Each line from the start of the entries through the line that contains "4-Piece Gray Poly" should be output exactly, please.

Entries supplied section start

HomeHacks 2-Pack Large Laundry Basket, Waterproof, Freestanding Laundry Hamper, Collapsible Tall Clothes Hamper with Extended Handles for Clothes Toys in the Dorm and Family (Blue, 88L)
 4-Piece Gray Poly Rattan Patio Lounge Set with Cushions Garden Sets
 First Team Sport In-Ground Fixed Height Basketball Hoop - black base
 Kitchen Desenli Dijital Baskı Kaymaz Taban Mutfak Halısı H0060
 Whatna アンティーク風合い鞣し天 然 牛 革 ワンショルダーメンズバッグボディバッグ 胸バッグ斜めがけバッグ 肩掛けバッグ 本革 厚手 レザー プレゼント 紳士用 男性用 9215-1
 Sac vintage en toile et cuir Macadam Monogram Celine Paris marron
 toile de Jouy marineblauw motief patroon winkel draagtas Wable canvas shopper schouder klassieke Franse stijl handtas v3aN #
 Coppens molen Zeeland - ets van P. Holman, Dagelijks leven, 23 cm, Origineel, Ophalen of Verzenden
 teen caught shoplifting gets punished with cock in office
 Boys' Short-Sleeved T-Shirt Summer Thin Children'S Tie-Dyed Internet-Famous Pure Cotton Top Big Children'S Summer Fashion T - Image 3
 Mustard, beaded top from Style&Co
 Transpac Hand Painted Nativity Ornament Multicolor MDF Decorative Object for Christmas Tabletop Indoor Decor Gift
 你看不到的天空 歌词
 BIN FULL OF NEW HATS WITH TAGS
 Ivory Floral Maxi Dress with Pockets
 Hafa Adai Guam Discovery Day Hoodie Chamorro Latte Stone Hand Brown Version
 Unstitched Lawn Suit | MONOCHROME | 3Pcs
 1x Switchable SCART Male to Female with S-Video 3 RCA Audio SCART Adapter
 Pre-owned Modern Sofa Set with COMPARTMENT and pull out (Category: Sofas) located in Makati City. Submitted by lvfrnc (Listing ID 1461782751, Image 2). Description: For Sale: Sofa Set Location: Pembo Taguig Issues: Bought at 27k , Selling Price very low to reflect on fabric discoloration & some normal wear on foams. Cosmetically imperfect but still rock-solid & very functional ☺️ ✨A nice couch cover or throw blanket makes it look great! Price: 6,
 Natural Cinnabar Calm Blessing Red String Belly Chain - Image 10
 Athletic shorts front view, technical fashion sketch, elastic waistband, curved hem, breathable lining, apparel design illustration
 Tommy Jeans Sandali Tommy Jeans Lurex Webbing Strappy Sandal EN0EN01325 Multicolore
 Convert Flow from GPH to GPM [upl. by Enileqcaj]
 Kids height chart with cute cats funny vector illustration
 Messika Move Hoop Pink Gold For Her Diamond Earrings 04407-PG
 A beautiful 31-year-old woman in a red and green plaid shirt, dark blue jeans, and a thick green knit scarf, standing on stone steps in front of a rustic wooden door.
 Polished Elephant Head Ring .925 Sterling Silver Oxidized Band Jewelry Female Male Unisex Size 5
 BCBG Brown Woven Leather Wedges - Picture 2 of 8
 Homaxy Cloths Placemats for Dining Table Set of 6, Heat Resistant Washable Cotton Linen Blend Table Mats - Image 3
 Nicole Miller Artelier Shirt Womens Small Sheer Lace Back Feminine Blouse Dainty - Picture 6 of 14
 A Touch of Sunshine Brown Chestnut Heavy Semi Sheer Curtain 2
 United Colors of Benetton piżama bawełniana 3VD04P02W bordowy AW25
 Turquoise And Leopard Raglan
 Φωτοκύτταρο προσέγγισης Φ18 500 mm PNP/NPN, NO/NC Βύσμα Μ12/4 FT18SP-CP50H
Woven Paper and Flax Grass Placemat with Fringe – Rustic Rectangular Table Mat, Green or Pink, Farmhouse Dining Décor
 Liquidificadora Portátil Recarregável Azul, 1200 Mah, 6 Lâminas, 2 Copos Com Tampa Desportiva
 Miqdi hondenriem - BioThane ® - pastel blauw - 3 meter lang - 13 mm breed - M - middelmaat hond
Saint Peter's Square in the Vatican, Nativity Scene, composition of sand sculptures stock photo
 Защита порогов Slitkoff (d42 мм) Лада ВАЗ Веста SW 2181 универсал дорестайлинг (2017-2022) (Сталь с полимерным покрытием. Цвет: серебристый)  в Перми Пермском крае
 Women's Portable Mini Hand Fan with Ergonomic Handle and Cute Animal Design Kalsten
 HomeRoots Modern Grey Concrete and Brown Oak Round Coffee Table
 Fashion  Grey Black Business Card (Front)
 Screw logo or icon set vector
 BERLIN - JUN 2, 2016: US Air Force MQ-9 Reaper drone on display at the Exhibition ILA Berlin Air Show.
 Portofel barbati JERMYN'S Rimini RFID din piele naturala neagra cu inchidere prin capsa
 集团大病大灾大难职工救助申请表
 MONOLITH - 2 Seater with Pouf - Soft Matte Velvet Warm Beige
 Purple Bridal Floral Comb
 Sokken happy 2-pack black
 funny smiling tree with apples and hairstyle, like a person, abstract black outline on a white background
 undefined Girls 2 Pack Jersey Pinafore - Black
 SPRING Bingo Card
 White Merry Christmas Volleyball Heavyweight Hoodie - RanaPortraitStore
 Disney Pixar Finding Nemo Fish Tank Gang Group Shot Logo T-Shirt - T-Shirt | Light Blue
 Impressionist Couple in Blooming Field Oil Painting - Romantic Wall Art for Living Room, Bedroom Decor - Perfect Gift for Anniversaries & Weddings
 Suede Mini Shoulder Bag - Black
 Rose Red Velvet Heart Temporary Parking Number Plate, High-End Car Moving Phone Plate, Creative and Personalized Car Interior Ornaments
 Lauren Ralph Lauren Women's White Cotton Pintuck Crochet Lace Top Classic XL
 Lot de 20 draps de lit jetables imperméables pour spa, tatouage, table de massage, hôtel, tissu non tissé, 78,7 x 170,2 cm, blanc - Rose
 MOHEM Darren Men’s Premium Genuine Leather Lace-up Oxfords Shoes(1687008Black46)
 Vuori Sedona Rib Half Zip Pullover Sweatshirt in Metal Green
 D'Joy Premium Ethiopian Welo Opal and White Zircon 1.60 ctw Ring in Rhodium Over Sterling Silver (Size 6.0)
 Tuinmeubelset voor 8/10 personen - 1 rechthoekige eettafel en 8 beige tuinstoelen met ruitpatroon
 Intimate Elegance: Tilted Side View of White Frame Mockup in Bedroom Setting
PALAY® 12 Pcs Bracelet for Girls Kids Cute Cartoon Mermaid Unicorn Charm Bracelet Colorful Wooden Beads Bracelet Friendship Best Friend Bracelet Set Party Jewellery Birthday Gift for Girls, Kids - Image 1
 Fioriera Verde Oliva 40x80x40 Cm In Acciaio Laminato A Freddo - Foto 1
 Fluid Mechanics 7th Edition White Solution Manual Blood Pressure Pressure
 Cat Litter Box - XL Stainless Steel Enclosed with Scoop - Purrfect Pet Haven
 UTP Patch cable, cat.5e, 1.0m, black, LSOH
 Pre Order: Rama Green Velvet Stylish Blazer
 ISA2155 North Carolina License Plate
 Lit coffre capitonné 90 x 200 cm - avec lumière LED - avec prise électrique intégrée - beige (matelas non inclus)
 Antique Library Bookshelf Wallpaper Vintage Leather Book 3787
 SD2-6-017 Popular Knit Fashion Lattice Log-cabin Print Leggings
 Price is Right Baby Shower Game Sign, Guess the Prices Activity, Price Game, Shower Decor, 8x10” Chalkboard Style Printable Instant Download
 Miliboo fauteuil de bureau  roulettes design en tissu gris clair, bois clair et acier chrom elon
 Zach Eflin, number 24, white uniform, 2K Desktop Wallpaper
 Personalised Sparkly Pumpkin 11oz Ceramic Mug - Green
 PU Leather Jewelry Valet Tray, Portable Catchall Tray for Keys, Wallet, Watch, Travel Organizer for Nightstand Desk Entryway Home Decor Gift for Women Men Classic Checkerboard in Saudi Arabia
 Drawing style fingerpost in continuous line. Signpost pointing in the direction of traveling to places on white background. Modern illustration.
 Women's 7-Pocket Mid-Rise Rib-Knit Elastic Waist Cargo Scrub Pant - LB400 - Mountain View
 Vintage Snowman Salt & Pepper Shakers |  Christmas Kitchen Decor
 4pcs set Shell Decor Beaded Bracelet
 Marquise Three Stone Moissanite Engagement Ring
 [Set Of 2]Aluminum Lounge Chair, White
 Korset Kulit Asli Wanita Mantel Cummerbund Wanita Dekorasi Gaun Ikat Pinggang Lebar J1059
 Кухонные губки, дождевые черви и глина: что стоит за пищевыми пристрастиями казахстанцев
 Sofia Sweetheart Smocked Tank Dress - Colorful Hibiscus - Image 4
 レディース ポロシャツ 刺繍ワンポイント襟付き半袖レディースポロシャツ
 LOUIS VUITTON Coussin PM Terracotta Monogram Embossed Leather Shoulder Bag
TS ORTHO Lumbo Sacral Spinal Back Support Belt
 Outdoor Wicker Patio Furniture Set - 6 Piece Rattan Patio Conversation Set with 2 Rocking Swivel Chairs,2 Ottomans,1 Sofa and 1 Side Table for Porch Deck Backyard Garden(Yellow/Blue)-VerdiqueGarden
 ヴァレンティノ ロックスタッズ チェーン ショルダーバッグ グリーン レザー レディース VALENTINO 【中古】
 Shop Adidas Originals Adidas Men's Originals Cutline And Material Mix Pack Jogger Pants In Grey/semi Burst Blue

Entries supplied section end

» Response to this exercise
HomeHacks 2-Pack Large Laundry Basket, Waterproof, Freestanding Laundry Hamper, Collapsible Tall Clothes Hamper with Extended Handles for Clothes Toys in the Dorm and Family (Blue, 88L)
 4-Piece Gray Poly Rattan Patio Lounge Set with Cushions Garden Sets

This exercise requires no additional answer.